**Stored records:**
== Segment start ==
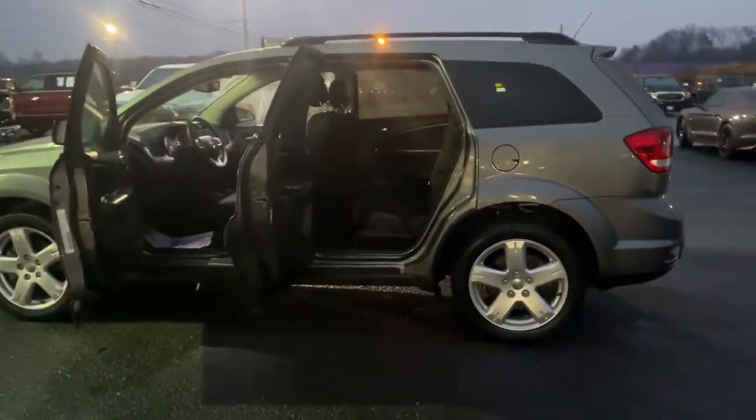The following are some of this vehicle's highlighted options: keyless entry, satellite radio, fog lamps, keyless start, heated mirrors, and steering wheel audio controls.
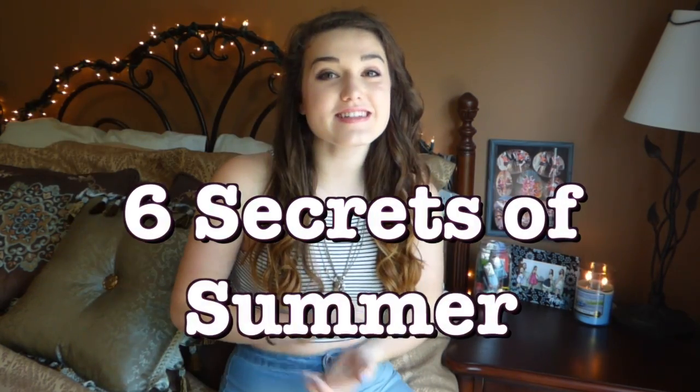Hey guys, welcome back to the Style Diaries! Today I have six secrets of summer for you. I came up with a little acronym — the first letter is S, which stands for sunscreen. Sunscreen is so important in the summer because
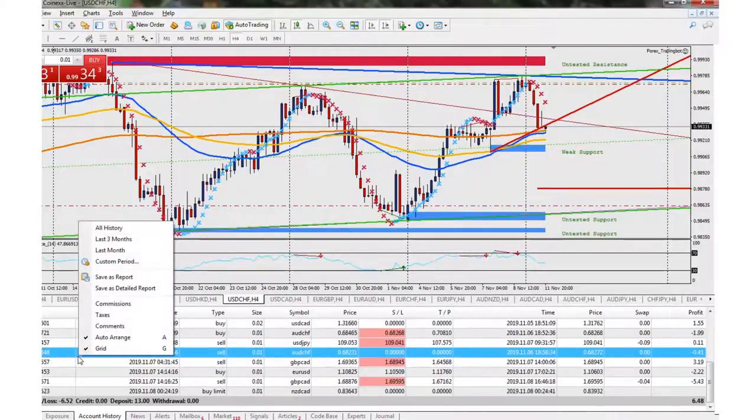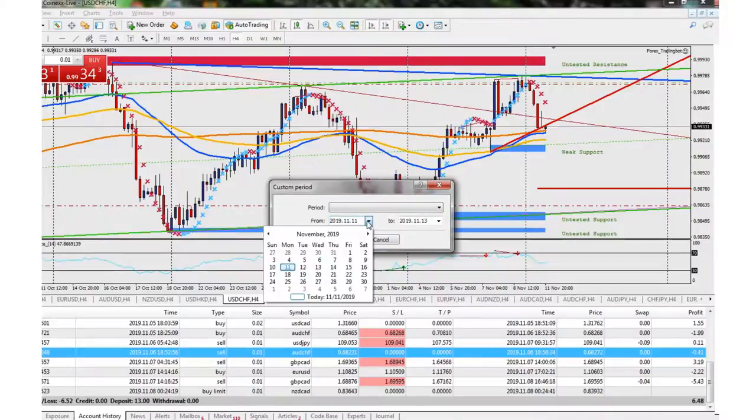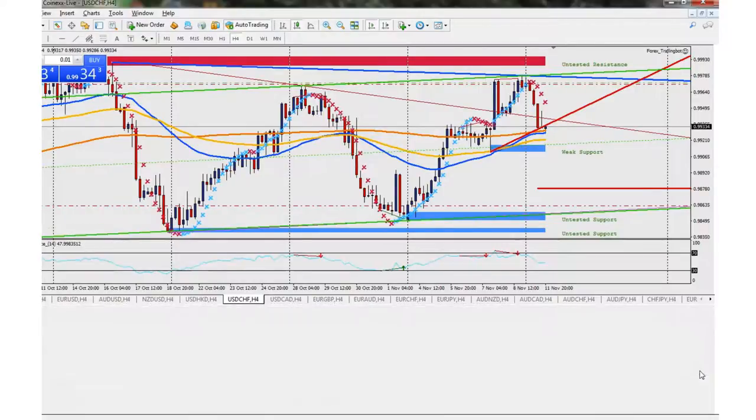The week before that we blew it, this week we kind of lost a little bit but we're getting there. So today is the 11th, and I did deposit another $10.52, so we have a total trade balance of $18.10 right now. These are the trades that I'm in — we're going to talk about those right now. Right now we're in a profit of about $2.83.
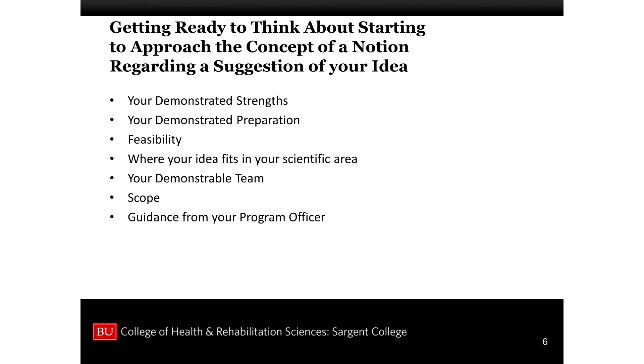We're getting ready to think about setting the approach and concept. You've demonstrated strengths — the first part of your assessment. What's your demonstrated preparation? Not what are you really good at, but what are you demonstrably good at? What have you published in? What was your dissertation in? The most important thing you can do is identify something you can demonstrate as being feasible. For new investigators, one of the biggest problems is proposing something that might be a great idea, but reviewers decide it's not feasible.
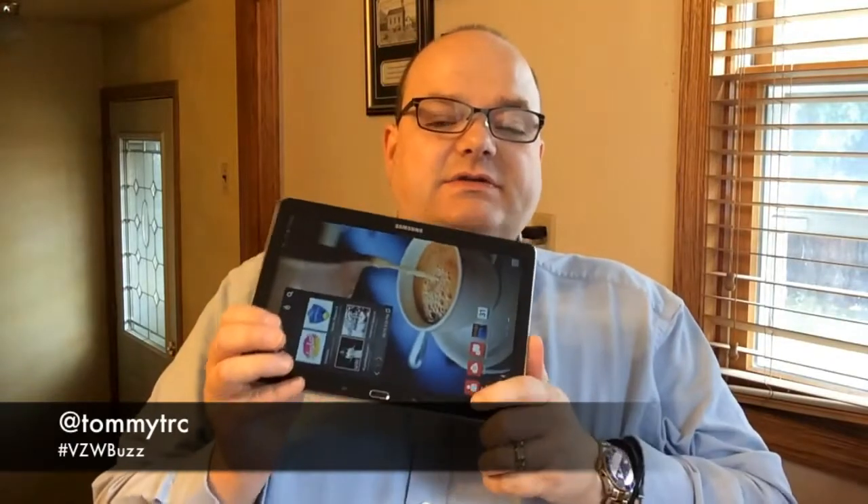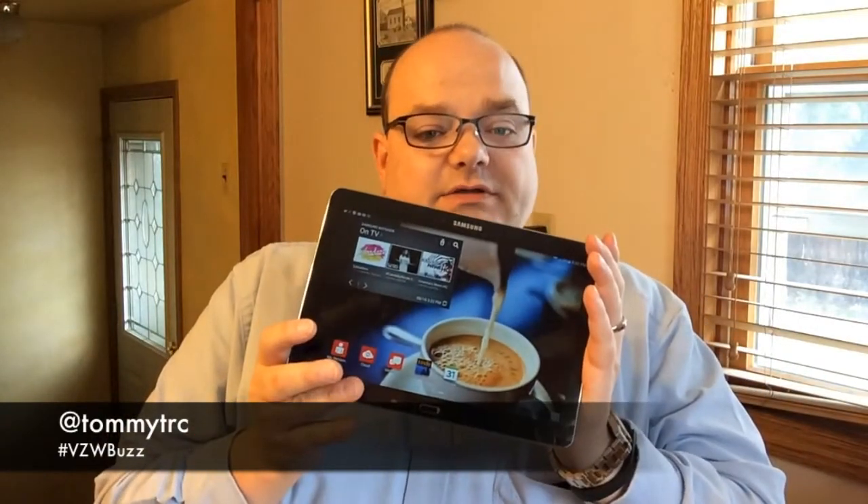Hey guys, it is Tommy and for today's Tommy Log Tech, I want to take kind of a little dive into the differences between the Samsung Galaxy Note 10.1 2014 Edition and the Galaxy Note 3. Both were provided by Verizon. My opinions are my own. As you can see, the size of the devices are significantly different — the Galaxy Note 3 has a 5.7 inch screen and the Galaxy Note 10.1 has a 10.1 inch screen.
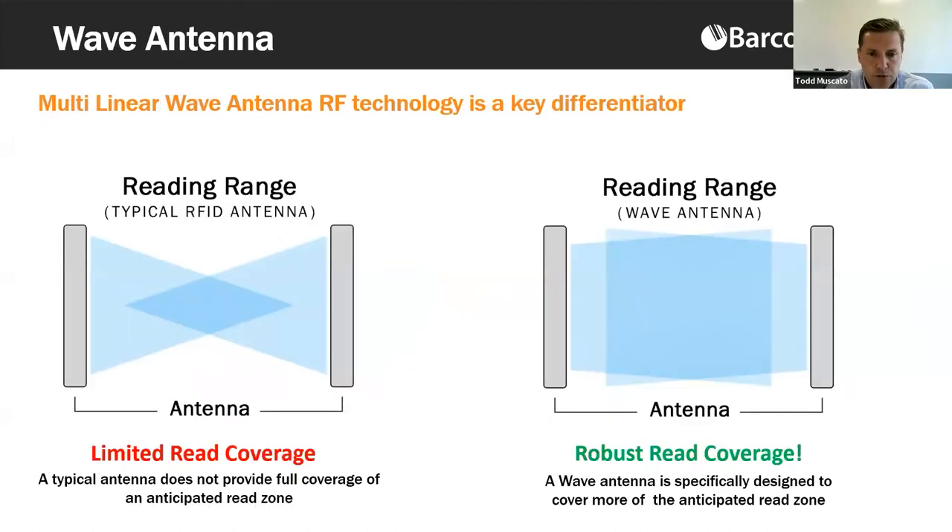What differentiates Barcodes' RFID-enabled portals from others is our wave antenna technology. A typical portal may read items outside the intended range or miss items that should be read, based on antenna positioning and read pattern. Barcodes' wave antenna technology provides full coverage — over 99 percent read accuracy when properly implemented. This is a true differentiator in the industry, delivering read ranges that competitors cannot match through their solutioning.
== Segment end ==
**Exercise description:** Pictures are to be left out; the records above must be repeated word for word.

**Answer space:**
The following are some of this vehicle's highlighted options: keyless entry, satellite radio, fog lamps, keyless start, heated mirrors, and steering wheel audio controls.
Hey guys, welcome back to the Style Diaries! Today I have six secrets of summer for you. I came up with a little acronym — the first letter is S, which stands for sunscreen. Sunscreen is so important in the summer because
The week before that we blew it, this week we kind of lost a little bit but we're getting there. So today is the 11th, and I did deposit another $10.52, so we have a total trade balance of $18.10 right now. These are the trades that I'm in — we're going to talk about those right now. Right now we're in a profit of about $2.83.
We're getting ready to think about setting the approach and concept. You've demonstrated strengths — the first part of your assessment. What's your demonstrated preparation? Not what are you really good at, but what are you demonstrably good at? What have you published in? What was your dissertation in? The most important thing you can do is identify something you can demonstrate as being feasible. For new investigators, one of the biggest problems is proposing something that might be a great idea, but reviewers decide it's not feasible.
Hey guys, it is Tommy and for today's Tommy Log Tech, I want to take kind of a little dive into the differences between the Samsung Galaxy Note 10.1 2014 Edition and the Galaxy Note 3. Both were provided by Verizon. My opinions are my own. As you can see, the size of the devices are significantly different — the Galaxy Note 3 has a 5.7 inch screen and the Galaxy Note 10.1 has a 10.1 inch screen.
What differentiates Barcodes' RFID-enabled portals from others is our wave antenna technology. A typical portal may read items outside the intended range or miss items that should be read, based on antenna positioning and read pattern. Barcodes' wave antenna technology provides full coverage — over 99 percent read accuracy when properly implemented. This is a true differentiator in the industry, delivering read ranges that competitors cannot match through their solutioning.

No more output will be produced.